Joe Wilson Family Reunion

BY ALLEN A. BUCHANAN, Staff Writer

ST. PETERSBURG — Children, adults and seniors came from as far away as Rhode Island, New York, Ohio and North Carolina, just to name a few places, to attend the Joe Wilson Family Reunion dinner held at the Chef Creole Café, 901 22nd St. S.

Sat., June 11, a charter bus pulled into the parking lot of the restaurant, and members of the Wilson family filed off of the bus around to partake in the family’s 33rd reunion.
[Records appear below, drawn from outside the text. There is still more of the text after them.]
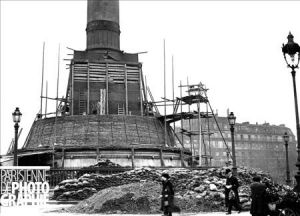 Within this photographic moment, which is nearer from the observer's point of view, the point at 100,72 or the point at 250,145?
the point at 100,72

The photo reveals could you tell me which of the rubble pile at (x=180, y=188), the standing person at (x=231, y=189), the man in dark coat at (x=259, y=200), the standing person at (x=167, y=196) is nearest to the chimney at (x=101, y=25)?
the rubble pile at (x=180, y=188)

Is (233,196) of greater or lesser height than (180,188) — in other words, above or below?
above

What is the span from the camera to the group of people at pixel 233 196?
36.7 feet

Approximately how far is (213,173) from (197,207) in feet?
32.4

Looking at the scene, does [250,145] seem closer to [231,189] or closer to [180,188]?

Thirty-three years ago one woman had a dream of uniting a family who had grown and spread throughout the continental United States and beyond with many serving overseas in the military. Lizzie Mae Wilson Shaw wanted to have family gatherings at times other than the somber occasion of funerals, and because of this dream a tradition was born that fostered love, support and strengthened family ties.

Shaw and Valeria Wilson McGarrah worked together to plan the first Wilson Family reunion held Sat., July 10, 1982, at Shaw’s home on 27th Avenue South.

To this day, sisters and brothers, aunts, uncles, nieces, nephews and cousins eagerly anticipate the long-standing tradition of the now named Joe Wilson Family Reunion. This is a time for fellowship, reconnecting and just relaxing among those you love and who love you.

It all started with Benjamin Joe Hezekiah Brown Wilson, who was the father to 18 children. Seven of the eight living children attended this year’s celebration with ages ranging from 68 to 89.

This year great measures were taken to ensure that the reunion was a success. It has been hosted for several years near Blakely, Ga., the homestead of the Wilson family. This year they decided to return once again to the birthplace of the gathering. Mayor Rick Kriseman extended a welcome on behalf of the citizens of St. Petersburg.

The planning committee members’ ages range from 30 to 79 and were therefore able to bring together a variety of ideas including traditional and innovative ideas, such as communicating through social media and teleconferencing.

This committee once again includes McGarrah, the daughter of the late Joe Wilson, as well as several grandchildren of Joe Wilson including Valencia W. Pierce (daughter of McGarrah), Susan Walker, Rhonda Harris and Carolyn (daughter of Lizzie Mae) and husband Elihu Brayboy.  Granddaughter of McGarrah, Veronica McCoy, was this year’s committee chairperson.

The reunion was a three-day event with a meet and greet on Friday, a beach picnic at Fort De Soto Beach Park on Saturday before the ceremony at Creole Café and a worship service and dinner on Sunday.

“This is the second time that it was held in St. Petersburg,” said McGarrah, daughter of the late Joe Wilson who passed in 1972.

According to McGarrah, the reunion in St. Petersburg this year signifies the beginning of a new era for future family reunions. “Next year the young people in our family will take over,” she said proudly.

McGarrah sounded very relieved to be turning the reigns of planning such a large event over to the X, Y and Z generations.

“We’re so fortunate with our young people who are doing so well. Many of them are in education, and the young man, my nephew that sang for us this evening is an optometrist. The girl that passed out the programs just graduated from Duke University,” said McGarrah, as she attributed the success of the young people in her family to everyone working together and upholding family values, morals and discipline.

Based on the Wilson family, social media pales in comparison to face-to-face interaction. A quick scan of the gathering is a testament to the integrity of a family that grows and flourishes together no matter the distance or ages between them.